La secrétaire d’Etat à l’égalité femmes-hommes, Marlène Schiappa, a annoncé la création d’un « seuil de présomption de non-consentement irréfragable » dans la loi contre les violences sexuelles. Cette proposition vous paraît-elle satisfaisante ?

La solution, c’est évidemment l’instauration d’une présomption d’une absence de consentement au-dessous d’un certain âge. Il est urgent de l’introduire dans le droit, même si la définition de l’âge limite est difficile. Les psychologues et les psychiatres expliquent que la maturité affective dépend des individus, il est donc difficile de s’appuyer sur ce critère mais il nous faut établir un seuil pour protéger les enfants. Nous défendons 15 ans, le Haut Conseil à l’égalité entre les femmes et les hommes préconise 13 ans. Mais que ce soit l’un ou l’autre, ce sera déjà un énorme progrès.

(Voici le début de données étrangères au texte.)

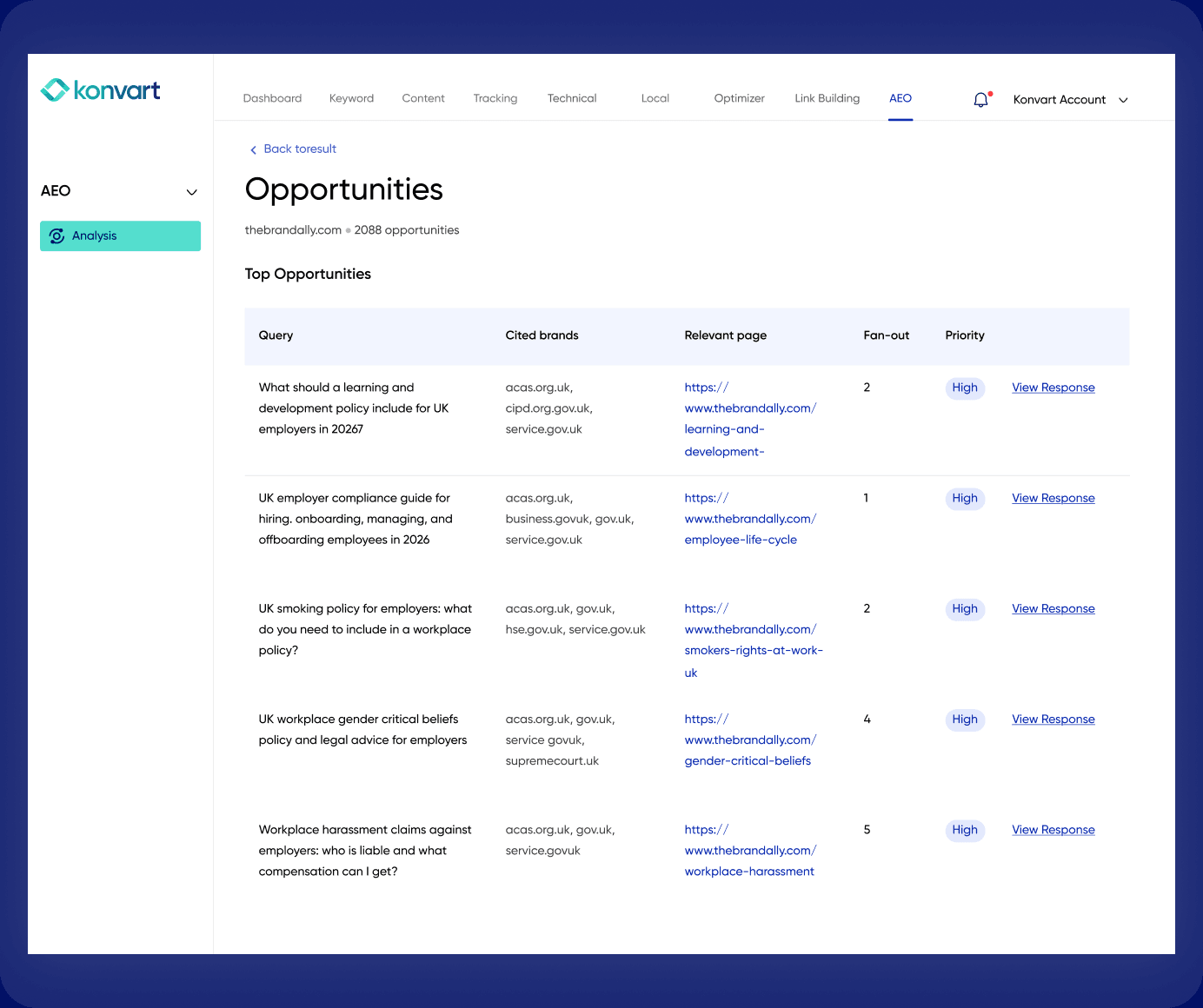 Konvart AEO opportunities ranked by priority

Il faudra cependant être très précautionneux avec les lois qui seront proposées. Aujourd’hui, il y a une proposition de loi qui se contente d’établir l’absence de consentement pour les actes de pénétration sexuelle. Mais à 8 ans, on ne consent pas non plus à des attouchements sexuels ! On ne peut pas limiter cette législation aux seuls cas de viol.

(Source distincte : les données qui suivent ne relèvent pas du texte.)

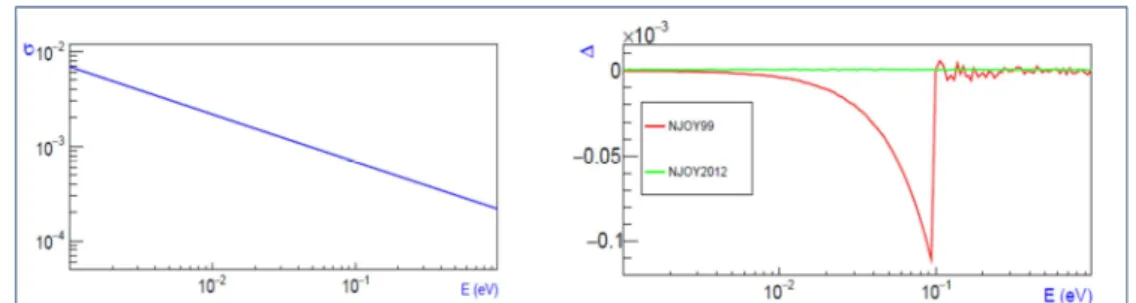 Figure 4. Relative discrepancies between NJOY and TREND on reconstructed MT102 file for C13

Par ailleurs, il reste encore beaucoup à faire sur ces questions. Repousser les délais de prescription, pour ne pas empêcher les victimes de parler, comme en Angleterre où il n’existe pas de délais de prescription. Accompagner les victimes, comme au Canada, où une victime qui vient déposer plainte pour viol se voit octroyer d’emblée une aide psychologique alors qu’en France, aucun dispositif n’est prévu.

Vous portez ces revendications depuis plusieurs années sans succès. Quels sont les arguments qui vous sont opposés ?

C’est un sujet sur lequel les pouvoirs publics sont très frileux et sur lequel nous partons de très loin : la protection de l’enfance en matière d’agression sexuelle était inexistante avant les années 1980. Aujourd’hui, on nous dit notamment que la présomption d’absence de consentement ne respecte pas la présomption d’innocence. C’est même ce que le ministère de la justice a répondu à un sénateur au mois de mai. Mais cette affirmation est fausse : un seuil pour le consentement sexuel ne dispenserait pas d’apporter la preuve de l’élément matériel de l’agression.

On nous oppose également que l’absence d’âge minimum pour le consentement sexuel n’est pas une lacune très grave puisque la loi interdit les relations sexuelles avec les mineurs de moins de 15 ans. Cela permet effectivement des poursuites, mais les peines sont extrêmement différentes ! Dans l’affaire de Pontoise, on passe d’une peine encourue de 20 ans à une peine encourue de 5 ans car la victime est reconnue consentante. Le caractère dissuasif de la sanction est altéré, et la justice porte un deuxième coup à la victime en lui disant implicitement qu’elle a participé à l’infraction. Je ne vois pas comment une victime peut espérer se reconstruire dans ces conditions.